### PROBLEM DESCRIPTION
Please repeat the lines below, exactly and only, from the one that holds "Extension Clip Capelli" through the one that holds "Michigan shooting: parents".

········

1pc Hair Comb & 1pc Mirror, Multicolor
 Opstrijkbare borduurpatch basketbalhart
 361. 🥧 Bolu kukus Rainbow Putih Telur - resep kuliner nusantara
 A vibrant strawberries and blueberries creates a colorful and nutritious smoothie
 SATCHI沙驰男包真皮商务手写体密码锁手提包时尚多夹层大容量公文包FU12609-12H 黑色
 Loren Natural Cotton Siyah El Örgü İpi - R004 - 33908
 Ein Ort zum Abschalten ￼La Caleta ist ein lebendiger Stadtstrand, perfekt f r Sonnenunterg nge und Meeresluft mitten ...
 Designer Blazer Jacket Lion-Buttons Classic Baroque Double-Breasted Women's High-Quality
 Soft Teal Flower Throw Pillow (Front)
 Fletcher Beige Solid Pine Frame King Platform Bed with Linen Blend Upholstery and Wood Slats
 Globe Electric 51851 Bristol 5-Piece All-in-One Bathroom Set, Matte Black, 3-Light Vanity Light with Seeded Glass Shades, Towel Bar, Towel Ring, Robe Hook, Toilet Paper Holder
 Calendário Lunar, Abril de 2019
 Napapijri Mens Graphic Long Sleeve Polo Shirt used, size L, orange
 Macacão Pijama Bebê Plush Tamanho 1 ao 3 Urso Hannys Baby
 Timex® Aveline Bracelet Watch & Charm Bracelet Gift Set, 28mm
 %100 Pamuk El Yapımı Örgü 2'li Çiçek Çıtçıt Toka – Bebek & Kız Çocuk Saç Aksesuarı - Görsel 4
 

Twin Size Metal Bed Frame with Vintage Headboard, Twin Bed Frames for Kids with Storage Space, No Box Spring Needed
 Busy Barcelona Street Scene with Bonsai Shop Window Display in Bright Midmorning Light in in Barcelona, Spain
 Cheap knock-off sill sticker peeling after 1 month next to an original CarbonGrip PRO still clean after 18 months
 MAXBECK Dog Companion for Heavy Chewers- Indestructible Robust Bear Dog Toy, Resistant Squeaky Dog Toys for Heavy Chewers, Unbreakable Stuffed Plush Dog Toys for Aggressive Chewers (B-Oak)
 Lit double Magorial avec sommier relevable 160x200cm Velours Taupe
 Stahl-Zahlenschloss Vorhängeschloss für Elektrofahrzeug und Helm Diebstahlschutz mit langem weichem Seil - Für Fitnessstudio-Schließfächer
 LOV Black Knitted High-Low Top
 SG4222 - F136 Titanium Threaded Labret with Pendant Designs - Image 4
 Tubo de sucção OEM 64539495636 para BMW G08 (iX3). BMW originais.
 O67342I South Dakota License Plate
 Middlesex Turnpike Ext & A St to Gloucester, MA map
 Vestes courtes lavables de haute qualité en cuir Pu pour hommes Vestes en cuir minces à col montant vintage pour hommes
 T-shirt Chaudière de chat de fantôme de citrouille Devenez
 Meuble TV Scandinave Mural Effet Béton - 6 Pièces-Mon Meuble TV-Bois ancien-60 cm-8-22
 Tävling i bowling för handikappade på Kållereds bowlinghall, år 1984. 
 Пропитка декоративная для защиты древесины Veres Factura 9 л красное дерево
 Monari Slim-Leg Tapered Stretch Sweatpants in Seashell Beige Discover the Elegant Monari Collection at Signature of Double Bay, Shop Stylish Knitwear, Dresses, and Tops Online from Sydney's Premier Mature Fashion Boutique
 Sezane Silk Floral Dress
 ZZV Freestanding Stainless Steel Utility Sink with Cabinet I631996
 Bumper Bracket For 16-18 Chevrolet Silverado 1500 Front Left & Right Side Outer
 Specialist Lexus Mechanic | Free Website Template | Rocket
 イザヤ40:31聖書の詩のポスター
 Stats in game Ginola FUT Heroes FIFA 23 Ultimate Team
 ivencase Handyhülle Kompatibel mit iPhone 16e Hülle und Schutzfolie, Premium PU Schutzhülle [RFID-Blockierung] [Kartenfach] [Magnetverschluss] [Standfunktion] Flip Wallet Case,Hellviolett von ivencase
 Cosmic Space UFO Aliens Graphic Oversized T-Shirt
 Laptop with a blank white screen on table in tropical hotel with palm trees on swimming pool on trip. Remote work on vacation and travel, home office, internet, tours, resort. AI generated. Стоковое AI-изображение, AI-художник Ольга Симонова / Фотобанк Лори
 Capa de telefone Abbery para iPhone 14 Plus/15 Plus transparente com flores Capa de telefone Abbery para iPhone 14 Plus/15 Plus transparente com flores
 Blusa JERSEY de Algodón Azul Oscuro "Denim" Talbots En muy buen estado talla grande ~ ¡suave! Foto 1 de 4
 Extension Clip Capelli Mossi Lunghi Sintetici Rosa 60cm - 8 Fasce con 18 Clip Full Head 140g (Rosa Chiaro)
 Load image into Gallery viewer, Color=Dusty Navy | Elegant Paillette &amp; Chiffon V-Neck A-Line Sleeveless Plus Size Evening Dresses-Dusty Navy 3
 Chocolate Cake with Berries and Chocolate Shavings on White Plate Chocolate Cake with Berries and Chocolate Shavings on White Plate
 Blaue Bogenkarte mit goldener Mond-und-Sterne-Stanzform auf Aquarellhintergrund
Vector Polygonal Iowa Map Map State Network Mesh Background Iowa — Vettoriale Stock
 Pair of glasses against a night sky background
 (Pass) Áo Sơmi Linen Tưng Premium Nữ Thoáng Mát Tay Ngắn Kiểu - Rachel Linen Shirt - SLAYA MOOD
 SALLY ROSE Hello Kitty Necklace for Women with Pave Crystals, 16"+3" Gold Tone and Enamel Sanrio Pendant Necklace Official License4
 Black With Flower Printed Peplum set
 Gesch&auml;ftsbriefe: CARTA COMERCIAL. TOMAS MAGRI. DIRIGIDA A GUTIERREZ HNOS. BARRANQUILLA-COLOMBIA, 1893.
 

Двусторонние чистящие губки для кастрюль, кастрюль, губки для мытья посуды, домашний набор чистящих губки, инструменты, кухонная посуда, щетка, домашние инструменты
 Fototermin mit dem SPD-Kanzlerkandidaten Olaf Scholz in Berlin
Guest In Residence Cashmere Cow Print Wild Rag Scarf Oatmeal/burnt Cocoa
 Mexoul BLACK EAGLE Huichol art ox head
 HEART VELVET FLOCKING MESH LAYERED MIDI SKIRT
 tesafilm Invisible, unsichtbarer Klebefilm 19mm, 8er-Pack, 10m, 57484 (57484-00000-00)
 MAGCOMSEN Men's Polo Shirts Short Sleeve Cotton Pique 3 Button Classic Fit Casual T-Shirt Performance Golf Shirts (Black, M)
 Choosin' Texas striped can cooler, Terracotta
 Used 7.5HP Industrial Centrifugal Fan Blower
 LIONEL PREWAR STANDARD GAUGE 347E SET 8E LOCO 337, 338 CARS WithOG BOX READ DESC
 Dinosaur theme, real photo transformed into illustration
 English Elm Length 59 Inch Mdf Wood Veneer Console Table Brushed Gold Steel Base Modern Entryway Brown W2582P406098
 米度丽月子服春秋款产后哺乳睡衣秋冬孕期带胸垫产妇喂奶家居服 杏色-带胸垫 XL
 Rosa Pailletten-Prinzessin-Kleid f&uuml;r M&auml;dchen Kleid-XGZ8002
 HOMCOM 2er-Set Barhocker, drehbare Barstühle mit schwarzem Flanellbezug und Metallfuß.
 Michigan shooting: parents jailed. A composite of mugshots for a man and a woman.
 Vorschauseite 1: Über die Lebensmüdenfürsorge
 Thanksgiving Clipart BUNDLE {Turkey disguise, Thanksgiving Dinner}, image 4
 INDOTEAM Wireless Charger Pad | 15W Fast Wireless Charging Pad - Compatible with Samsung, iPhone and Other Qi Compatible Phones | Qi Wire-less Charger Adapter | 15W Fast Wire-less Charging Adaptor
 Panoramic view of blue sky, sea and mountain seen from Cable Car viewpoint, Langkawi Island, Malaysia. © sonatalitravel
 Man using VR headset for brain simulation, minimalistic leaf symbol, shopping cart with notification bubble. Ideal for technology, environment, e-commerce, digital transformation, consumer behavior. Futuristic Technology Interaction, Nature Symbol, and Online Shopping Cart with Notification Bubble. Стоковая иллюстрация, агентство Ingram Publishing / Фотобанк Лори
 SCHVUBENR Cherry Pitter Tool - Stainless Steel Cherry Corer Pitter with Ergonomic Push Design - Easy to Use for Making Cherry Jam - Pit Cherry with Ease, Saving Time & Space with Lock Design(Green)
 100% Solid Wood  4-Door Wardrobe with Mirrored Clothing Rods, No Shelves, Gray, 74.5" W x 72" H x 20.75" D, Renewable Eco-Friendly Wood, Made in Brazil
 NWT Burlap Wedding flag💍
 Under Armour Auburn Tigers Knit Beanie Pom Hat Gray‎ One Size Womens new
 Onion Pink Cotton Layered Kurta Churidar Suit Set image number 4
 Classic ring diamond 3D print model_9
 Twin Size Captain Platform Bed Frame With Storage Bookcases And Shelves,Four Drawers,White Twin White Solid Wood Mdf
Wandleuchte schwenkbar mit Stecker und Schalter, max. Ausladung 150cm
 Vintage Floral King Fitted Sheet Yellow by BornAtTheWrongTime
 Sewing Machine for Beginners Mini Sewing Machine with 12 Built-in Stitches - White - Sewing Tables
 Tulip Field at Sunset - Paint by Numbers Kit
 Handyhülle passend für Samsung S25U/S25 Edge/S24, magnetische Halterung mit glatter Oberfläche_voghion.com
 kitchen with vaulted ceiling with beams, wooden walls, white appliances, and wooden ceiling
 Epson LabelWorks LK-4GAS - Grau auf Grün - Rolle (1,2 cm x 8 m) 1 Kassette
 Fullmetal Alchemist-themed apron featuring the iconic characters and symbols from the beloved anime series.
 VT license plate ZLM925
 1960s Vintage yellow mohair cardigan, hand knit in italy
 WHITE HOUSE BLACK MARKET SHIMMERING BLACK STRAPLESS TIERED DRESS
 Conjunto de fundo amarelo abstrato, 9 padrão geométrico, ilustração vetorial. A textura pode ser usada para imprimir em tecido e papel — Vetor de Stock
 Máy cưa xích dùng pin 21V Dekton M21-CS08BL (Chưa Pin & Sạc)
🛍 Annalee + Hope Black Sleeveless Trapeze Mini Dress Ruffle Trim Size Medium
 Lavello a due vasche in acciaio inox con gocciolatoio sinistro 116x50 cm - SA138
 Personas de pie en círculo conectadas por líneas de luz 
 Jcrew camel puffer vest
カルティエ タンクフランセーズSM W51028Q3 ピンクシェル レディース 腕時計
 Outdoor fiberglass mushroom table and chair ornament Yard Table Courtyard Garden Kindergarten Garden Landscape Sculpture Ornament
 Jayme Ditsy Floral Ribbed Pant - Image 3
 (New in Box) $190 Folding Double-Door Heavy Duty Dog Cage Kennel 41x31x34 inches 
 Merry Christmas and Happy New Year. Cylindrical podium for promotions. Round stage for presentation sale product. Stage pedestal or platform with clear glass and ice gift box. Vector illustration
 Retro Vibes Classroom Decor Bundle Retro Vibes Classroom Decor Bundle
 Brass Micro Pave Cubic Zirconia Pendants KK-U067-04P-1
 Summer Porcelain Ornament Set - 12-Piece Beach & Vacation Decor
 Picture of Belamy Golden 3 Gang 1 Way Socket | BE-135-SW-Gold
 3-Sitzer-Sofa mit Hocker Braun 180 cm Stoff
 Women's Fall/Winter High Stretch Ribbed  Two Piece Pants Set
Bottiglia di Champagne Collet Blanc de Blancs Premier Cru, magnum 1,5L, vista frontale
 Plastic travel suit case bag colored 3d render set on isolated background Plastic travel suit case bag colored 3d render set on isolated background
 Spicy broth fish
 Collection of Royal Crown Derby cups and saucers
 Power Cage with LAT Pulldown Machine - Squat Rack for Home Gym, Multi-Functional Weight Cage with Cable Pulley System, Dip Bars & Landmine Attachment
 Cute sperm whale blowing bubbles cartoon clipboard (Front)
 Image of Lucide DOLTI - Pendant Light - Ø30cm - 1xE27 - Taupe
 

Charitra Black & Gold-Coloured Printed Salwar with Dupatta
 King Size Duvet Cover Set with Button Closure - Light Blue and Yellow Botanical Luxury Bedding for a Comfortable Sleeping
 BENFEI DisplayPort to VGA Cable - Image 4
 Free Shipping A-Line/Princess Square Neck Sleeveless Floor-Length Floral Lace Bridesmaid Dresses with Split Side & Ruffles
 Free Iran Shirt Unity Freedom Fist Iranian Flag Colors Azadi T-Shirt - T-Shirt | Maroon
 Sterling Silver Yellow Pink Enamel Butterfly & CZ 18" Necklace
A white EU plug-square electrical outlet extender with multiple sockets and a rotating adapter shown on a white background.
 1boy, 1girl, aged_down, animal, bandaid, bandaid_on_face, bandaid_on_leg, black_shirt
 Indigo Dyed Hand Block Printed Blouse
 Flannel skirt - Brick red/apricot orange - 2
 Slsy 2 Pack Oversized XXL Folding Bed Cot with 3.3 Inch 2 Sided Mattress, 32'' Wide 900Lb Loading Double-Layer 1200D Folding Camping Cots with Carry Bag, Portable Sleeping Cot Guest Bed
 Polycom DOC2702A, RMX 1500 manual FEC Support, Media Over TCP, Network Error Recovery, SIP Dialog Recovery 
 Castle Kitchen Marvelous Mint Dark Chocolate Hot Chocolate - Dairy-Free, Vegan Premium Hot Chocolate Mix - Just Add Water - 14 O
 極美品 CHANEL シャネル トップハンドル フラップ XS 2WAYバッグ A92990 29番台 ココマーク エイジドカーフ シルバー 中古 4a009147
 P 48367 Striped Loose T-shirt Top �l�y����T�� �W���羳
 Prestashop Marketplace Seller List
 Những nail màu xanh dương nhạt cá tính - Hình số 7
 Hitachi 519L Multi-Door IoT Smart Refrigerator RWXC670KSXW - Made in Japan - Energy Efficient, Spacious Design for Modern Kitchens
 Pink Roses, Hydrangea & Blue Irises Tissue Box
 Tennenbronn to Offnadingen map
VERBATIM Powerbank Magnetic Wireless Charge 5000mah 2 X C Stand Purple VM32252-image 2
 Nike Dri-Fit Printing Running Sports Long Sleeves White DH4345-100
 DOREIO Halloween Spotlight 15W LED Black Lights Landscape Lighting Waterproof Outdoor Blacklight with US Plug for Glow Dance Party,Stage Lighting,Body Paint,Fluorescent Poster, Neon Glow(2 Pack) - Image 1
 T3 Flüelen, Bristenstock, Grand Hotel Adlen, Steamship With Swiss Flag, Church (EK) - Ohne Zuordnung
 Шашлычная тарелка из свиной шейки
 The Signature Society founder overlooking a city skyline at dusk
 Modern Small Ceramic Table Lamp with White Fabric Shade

········

### REPLY
 Extension Clip Capelli Mossi Lunghi Sintetici Rosa 60cm - 8 Fasce con 18 Clip Full Head 140g (Rosa Chiaro)
 Load image into Gallery viewer, Color=Dusty Navy | Elegant Paillette &amp; Chiffon V-Neck A-Line Sleeveless Plus Size Evening Dresses-Dusty Navy 3
 Chocolate Cake with Berries and Chocolate Shavings on White Plate Chocolate Cake with Berries and Chocolate Shavings on White Plate
 Blaue Bogenkarte mit goldener Mond-und-Sterne-Stanzform auf Aquarellhintergrund
Vector Polygonal Iowa Map Map State Network Mesh Background Iowa — Vettoriale Stock
 Pair of glasses against a night sky background
 (Pass) Áo Sơmi Linen Tưng Premium Nữ Thoáng Mát Tay Ngắn Kiểu - Rachel Linen Shirt - SLAYA MOOD
 SALLY ROSE Hello Kitty Necklace for Women with Pave Crystals, 16"+3" Gold Tone and Enamel Sanrio Pendant Necklace Official License4
 Black With Flower Printed Peplum set
 Gesch&auml;ftsbriefe: CARTA COMERCIAL. TOMAS MAGRI. DIRIGIDA A GUTIERREZ HNOS. BARRANQUILLA-COLOMBIA, 1893.
 

Двусторонние чистящие губки для кастрюль, кастрюль, губки для мытья посуды, домашний набор чистящих губки, инструменты, кухонная посуда, щетка, домашние инструменты
 Fototermin mit dem SPD-Kanzlerkandidaten Olaf Scholz in Berlin
Guest In Residence Cashmere Cow Print Wild Rag Scarf Oatmeal/burnt Cocoa
 Mexoul BLACK EAGLE Huichol art ox head
 HEART VELVET FLOCKING MESH LAYERED MIDI SKIRT
 tesafilm Invisible, unsichtbarer Klebefilm 19mm, 8er-Pack, 10m, 57484 (57484-00000-00)
 MAGCOMSEN Men's Polo Shirts Short Sleeve Cotton Pique 3 Button Classic Fit Casual T-Shirt Performance Golf Shirts (Black, M)
 Choosin' Texas striped can cooler, Terracotta
 Used 7.5HP Industrial Centrifugal Fan Blower
 LIONEL PREWAR STANDARD GAUGE 347E SET 8E LOCO 337, 338 CARS WithOG BOX READ DESC
 Dinosaur theme, real photo transformed into illustration
 English Elm Length 59 Inch Mdf Wood Veneer Console Table Brushed Gold Steel Base Modern Entryway Brown W2582P406098
 米度丽月子服春秋款产后哺乳睡衣秋冬孕期带胸垫产妇喂奶家居服 杏色-带胸垫 XL
 Rosa Pailletten-Prinzessin-Kleid f&uuml;r M&auml;dchen Kleid-XGZ8002
 HOMCOM 2er-Set Barhocker, drehbare Barstühle mit schwarzem Flanellbezug und Metallfuß.
 Michigan shooting: parents jailed. A composite of mugshots for a man and a woman.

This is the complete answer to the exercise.